* **Instructions for the task**
Would you please repeat all of the data exactly, omitting the pictures?

* **Information provided**
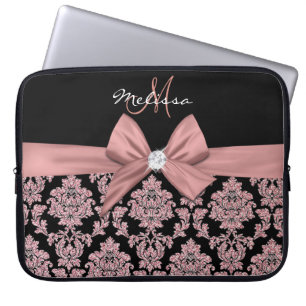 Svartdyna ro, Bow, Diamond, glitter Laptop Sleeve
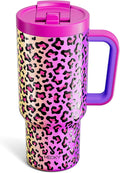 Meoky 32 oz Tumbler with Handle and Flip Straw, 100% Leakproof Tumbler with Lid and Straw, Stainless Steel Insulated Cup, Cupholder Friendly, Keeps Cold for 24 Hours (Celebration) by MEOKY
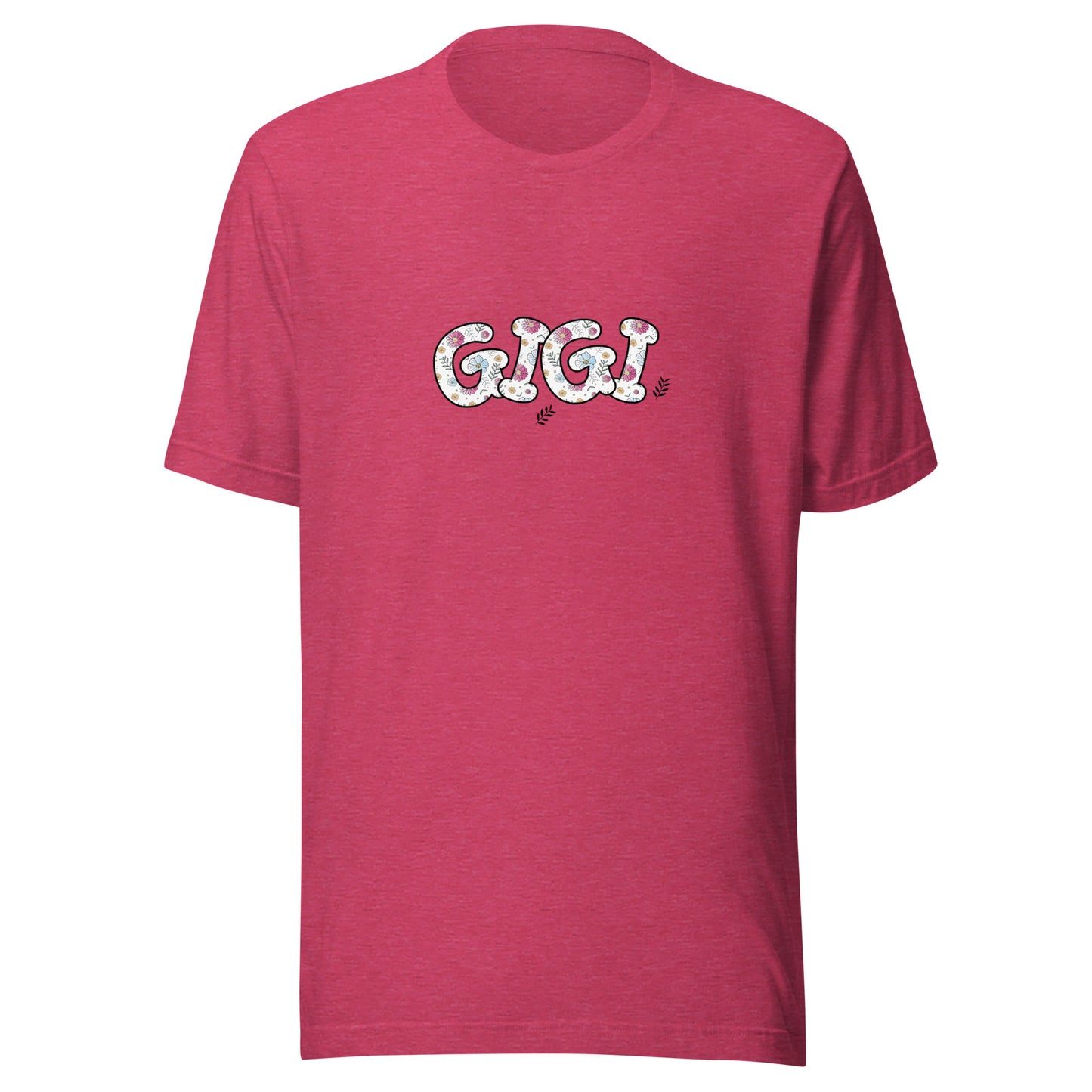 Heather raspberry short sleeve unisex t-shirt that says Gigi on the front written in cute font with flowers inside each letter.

* **Answer below**
 Svartdyna ro, Bow, Diamond, glitter Laptop Sleeve
 Meoky 32 oz Tumbler with Handle and Flip Straw, 100% Leakproof Tumbler with Lid and Straw, Stainless Steel Insulated Cup, Cupholder Friendly, Keeps Cold for 24 Hours (Celebration) by MEOKY
 Heather raspberry short sleeve unisex t-shirt that says Gigi on the front written in cute font with flowers inside each letter.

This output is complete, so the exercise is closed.